Al piano terreno (rialzato di alcuni metri rispetto all'esterno) sono internamente visibili alle pareti iscrizioni, ed una piccola edicola sacra, che risalgono al periodo in cui la torre era parte integrante del monastero di S. Caterina. Una scala in legno (realizzata in epoca moderna), che corre sui quattro lati perimetrali della costruzione, collega il piano terreno alla terrazza.

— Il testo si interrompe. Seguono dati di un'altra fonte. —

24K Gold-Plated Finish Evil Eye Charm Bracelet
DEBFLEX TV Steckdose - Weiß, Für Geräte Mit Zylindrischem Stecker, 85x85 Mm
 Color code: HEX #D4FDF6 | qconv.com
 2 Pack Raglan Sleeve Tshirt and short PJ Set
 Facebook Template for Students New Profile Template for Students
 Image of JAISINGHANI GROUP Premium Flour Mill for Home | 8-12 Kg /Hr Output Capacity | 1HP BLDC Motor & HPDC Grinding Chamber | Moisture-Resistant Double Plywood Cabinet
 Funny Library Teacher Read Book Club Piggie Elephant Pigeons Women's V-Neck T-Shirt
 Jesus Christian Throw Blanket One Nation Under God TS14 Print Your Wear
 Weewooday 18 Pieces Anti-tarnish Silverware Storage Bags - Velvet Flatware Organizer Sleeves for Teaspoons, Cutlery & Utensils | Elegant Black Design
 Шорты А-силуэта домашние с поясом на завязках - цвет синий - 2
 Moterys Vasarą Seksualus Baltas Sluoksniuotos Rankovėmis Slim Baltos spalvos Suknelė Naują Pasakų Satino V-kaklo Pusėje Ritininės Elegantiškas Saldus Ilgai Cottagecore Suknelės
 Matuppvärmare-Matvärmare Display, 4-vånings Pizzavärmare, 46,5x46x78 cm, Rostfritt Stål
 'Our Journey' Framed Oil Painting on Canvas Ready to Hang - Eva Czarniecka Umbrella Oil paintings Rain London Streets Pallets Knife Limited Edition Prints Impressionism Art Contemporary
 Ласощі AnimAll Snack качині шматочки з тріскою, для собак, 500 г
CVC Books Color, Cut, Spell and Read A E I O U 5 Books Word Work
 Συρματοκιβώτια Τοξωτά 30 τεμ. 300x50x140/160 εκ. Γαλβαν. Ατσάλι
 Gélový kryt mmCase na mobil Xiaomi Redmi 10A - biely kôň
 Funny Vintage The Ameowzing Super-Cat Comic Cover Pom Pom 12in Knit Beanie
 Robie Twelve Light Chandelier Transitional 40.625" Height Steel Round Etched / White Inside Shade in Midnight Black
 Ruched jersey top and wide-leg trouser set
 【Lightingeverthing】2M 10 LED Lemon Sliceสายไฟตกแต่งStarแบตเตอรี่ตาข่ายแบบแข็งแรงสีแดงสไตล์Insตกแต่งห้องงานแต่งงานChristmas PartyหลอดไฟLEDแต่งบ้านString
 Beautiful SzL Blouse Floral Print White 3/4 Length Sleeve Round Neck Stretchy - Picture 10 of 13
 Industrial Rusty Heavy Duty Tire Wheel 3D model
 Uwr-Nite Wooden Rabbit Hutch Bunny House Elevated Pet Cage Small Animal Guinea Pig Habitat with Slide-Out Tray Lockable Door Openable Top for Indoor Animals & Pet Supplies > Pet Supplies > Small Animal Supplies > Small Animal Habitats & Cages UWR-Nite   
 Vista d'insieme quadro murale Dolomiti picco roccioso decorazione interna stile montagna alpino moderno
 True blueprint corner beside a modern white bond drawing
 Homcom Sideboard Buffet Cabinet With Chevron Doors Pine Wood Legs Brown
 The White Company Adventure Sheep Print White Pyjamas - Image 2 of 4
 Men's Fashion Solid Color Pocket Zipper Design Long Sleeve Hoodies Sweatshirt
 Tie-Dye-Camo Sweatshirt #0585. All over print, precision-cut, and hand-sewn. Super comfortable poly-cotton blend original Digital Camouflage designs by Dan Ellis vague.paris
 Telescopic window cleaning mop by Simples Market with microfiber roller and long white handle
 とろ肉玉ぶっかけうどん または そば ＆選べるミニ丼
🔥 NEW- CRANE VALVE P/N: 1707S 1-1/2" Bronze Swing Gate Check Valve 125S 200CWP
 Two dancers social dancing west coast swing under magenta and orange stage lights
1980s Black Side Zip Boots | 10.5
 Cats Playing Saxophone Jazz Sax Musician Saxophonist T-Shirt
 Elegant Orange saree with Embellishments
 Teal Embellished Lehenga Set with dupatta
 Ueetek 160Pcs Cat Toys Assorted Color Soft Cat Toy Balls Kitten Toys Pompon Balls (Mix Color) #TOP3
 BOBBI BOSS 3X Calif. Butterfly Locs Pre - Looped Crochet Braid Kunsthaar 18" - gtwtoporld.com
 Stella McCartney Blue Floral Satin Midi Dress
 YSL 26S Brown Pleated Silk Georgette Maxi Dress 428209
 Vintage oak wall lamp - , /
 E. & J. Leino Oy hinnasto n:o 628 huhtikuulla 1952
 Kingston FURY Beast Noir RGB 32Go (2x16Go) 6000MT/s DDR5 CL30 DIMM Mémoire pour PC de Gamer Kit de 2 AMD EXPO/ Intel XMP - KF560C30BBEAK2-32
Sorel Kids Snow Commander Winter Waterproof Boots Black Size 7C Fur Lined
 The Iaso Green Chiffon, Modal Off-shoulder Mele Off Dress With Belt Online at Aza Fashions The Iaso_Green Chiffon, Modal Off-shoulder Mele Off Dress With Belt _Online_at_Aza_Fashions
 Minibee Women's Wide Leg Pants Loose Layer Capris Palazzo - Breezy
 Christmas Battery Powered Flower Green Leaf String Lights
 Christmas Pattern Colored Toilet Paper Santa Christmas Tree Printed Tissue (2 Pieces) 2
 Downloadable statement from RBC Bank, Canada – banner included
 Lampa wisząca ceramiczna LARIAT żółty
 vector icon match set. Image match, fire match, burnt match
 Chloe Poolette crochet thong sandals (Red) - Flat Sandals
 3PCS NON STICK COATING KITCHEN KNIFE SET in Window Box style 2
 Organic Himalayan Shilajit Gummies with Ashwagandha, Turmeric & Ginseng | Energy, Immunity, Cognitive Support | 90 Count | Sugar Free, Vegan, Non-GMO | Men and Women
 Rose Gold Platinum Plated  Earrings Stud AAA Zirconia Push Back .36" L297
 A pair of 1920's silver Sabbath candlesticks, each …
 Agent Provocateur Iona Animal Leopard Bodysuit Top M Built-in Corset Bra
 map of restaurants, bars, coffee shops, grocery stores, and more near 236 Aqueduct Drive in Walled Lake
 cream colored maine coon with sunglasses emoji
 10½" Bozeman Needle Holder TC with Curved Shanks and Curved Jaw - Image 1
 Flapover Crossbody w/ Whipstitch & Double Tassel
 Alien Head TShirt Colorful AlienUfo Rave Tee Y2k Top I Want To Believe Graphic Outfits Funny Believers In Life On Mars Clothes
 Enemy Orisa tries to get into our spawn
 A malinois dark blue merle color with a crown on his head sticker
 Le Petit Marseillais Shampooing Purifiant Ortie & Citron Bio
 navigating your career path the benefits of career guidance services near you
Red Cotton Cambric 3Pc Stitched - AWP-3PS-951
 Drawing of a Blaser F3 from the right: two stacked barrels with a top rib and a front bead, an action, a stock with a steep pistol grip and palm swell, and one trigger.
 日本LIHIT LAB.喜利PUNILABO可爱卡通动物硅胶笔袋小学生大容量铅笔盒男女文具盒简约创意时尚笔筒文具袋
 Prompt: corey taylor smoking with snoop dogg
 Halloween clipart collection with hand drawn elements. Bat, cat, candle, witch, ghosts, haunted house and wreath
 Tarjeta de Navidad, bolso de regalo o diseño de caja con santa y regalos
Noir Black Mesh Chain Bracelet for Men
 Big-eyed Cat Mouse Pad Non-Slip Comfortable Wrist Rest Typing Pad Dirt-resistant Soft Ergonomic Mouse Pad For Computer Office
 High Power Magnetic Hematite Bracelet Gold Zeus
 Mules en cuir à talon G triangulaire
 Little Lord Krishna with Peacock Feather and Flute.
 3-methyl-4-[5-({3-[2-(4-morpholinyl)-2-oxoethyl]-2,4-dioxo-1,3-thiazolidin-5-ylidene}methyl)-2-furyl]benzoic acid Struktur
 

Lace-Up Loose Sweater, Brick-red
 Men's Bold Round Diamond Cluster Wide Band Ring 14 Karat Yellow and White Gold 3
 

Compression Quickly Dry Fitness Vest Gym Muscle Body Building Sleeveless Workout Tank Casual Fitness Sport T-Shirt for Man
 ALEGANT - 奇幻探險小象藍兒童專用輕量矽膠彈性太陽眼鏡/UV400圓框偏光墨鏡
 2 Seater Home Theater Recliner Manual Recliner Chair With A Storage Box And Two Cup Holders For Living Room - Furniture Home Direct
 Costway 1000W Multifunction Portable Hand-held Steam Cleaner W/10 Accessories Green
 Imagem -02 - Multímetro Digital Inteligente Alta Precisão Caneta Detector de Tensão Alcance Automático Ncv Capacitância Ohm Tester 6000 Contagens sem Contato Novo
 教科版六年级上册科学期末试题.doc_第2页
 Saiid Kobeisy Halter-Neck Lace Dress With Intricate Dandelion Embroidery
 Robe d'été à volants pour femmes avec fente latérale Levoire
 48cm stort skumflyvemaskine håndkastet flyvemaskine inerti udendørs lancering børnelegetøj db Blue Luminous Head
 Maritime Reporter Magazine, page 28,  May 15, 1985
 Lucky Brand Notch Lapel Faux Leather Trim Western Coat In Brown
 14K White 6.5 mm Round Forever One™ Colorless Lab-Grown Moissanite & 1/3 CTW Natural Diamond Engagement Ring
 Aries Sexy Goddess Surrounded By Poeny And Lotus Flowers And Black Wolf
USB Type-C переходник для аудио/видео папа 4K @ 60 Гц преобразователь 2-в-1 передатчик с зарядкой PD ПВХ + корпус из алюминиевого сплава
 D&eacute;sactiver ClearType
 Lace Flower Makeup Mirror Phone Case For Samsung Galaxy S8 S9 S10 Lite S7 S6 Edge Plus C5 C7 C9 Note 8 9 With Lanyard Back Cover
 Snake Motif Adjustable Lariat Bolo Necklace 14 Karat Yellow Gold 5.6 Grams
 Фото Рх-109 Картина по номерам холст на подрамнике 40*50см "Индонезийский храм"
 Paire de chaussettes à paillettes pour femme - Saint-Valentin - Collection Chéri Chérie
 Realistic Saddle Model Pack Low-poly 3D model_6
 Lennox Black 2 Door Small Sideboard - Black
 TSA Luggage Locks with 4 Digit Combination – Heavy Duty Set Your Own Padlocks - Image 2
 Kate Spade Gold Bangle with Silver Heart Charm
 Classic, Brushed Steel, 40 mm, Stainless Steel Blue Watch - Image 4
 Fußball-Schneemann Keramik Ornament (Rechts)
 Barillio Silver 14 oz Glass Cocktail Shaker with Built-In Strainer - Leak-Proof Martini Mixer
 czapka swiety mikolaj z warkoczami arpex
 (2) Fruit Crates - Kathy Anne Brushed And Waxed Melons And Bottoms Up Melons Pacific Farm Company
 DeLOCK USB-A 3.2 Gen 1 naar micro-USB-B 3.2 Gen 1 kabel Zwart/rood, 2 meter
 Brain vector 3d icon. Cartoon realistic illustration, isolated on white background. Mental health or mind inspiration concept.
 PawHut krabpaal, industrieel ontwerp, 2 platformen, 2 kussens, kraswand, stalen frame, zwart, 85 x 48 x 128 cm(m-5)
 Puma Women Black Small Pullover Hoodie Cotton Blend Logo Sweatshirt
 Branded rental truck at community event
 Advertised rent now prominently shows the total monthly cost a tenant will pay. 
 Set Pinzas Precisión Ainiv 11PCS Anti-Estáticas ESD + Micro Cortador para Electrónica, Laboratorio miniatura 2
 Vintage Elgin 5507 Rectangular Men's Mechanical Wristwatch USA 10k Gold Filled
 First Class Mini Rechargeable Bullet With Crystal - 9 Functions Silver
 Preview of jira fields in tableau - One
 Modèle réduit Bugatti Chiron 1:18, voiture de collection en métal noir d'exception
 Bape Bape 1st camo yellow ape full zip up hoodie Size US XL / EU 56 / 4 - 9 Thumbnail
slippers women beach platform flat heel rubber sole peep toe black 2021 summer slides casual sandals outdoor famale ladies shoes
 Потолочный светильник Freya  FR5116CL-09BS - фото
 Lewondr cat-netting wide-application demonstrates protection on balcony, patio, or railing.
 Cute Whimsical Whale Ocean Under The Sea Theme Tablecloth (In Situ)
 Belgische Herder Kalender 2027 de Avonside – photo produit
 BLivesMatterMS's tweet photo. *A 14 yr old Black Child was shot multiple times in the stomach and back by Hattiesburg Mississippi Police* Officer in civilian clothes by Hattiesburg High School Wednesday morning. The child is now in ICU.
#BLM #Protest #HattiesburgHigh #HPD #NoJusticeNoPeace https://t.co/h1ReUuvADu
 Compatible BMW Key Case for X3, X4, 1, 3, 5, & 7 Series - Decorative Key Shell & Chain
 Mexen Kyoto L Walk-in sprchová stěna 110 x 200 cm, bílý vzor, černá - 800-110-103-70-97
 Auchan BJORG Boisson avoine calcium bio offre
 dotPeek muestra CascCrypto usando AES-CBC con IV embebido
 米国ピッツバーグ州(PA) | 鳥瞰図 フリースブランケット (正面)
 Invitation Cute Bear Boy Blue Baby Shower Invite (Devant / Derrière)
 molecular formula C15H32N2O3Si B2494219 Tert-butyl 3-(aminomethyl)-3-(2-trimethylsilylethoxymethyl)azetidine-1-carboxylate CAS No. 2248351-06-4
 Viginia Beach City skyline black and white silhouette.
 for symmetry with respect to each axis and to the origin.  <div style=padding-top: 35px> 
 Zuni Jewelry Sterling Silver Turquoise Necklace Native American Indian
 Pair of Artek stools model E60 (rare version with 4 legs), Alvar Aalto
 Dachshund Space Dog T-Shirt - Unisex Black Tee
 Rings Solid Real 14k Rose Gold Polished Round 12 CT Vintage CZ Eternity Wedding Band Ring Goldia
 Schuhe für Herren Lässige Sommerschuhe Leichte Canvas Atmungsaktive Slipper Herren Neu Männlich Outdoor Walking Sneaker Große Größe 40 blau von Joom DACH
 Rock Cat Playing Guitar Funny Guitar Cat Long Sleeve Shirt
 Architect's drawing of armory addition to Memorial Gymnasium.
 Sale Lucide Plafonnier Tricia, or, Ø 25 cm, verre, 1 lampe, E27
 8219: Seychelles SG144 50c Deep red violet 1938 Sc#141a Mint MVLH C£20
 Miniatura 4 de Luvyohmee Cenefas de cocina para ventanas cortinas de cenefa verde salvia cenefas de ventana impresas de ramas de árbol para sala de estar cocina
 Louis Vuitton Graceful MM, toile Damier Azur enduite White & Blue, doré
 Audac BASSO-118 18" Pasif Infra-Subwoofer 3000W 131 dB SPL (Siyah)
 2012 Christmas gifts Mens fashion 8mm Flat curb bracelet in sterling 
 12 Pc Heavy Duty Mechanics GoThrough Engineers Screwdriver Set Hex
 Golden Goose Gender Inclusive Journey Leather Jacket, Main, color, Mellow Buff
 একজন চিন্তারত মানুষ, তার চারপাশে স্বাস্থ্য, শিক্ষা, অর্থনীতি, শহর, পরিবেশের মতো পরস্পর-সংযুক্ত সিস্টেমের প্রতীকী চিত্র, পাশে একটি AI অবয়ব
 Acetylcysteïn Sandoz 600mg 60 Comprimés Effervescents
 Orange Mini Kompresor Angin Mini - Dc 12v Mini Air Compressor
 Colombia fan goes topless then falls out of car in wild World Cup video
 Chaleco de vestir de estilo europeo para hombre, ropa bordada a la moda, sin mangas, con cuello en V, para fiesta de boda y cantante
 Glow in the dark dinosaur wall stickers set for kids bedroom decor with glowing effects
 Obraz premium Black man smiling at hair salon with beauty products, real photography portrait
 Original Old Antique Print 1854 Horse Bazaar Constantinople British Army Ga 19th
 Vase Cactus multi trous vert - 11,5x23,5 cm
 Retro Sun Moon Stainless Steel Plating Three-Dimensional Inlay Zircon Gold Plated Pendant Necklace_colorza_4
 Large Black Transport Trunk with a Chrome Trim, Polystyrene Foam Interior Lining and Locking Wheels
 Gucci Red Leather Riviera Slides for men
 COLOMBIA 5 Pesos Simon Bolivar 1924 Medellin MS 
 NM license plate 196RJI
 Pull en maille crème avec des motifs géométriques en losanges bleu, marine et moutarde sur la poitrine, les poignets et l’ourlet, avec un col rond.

Lo spazio all'interno è continuo, non presenta diversificazioni in corrispondenza del restringimento della struttura; unici elementi di interruzione della continuità  delle murature sono le profonde strombature delle feritoie e alcuni stretti vani (probabili celle del monastero) ricavati nello spessore della muratura, comunicanti con l'esterno.